*** INFORMATION SUPPLIED Section Begins ***

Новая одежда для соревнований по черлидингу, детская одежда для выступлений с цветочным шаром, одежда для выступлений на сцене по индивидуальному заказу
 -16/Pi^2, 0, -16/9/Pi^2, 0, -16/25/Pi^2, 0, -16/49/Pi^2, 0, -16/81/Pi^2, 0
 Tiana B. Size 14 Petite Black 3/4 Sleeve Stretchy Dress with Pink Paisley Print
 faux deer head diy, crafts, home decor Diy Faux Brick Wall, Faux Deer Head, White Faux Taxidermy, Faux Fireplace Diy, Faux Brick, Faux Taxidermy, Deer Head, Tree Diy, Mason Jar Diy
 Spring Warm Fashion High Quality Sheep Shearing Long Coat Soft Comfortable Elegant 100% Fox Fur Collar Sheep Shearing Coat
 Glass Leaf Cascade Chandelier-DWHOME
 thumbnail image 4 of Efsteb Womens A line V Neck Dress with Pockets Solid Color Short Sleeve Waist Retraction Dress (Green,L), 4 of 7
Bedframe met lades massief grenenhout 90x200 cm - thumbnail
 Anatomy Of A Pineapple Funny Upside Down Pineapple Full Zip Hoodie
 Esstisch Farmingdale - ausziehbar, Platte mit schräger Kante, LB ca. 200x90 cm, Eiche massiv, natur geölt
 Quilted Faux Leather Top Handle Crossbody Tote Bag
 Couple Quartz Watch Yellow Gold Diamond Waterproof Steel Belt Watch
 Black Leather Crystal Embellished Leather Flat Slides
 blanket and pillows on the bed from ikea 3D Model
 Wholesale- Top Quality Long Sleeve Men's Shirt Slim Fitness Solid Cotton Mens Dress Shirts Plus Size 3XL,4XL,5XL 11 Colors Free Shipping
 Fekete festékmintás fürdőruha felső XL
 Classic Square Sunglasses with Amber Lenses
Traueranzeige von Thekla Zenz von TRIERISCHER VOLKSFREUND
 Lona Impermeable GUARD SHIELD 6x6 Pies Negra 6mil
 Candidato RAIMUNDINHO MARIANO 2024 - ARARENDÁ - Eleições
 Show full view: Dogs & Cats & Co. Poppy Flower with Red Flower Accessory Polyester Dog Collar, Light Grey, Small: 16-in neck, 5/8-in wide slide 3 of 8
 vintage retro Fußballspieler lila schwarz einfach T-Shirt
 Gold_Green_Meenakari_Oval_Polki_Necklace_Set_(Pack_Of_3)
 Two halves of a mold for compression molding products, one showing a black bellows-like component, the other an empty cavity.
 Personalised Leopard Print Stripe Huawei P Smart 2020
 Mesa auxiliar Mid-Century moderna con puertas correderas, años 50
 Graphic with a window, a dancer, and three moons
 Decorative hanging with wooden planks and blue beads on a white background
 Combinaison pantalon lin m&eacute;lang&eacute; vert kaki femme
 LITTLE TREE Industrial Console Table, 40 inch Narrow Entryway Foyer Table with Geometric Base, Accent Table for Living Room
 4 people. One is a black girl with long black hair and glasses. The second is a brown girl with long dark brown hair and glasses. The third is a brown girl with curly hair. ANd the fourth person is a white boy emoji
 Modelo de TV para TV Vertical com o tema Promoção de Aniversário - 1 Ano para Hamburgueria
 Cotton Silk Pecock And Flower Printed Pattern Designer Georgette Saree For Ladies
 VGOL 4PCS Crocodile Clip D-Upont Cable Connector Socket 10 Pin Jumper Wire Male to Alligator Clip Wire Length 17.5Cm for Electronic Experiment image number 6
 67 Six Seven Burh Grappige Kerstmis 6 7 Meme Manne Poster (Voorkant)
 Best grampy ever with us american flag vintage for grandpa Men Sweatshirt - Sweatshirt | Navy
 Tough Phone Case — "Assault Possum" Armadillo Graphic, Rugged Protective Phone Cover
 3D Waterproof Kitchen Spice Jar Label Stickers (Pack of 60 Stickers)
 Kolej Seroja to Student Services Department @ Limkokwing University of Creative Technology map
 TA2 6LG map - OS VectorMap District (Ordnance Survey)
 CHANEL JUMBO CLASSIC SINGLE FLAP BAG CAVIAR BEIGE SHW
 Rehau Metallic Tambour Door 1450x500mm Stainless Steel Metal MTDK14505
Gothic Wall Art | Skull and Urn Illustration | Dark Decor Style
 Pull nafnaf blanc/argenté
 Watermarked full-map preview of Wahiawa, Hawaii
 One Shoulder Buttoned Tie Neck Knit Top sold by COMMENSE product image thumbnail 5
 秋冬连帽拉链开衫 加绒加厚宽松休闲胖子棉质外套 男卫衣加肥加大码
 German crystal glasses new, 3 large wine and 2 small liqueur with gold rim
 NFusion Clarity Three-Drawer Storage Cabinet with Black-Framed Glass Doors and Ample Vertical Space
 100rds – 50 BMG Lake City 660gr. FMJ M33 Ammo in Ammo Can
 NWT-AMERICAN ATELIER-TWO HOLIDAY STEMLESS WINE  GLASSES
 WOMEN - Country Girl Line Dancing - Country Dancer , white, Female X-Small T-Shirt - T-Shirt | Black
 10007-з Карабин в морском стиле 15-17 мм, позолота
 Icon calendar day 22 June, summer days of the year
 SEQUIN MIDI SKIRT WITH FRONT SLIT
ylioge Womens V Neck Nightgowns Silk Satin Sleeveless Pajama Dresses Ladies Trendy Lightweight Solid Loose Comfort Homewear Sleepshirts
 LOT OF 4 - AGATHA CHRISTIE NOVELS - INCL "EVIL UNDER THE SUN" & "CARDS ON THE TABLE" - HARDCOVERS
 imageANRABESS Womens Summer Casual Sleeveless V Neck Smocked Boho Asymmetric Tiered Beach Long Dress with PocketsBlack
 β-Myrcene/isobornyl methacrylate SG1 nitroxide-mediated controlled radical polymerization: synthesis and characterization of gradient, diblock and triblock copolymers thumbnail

*** INFORMATION SUPPLIED Section Ends ***

> _WHAT YOU NEED TO DO_
Which of the lines above hold the string "Quality"? Copy each one.

> _ANSWER FOR THIS EXERCISE_
 Spring Warm Fashion High Quality Sheep Shearing Long Coat Soft Comfortable Elegant 100% Fox Fur Collar Sheep Shearing Coat
 Wholesale- Top Quality Long Sleeve Men's Shirt Slim Fitness Solid Cotton Mens Dress Shirts Plus Size 3XL,4XL,5XL 11 Colors Free Shipping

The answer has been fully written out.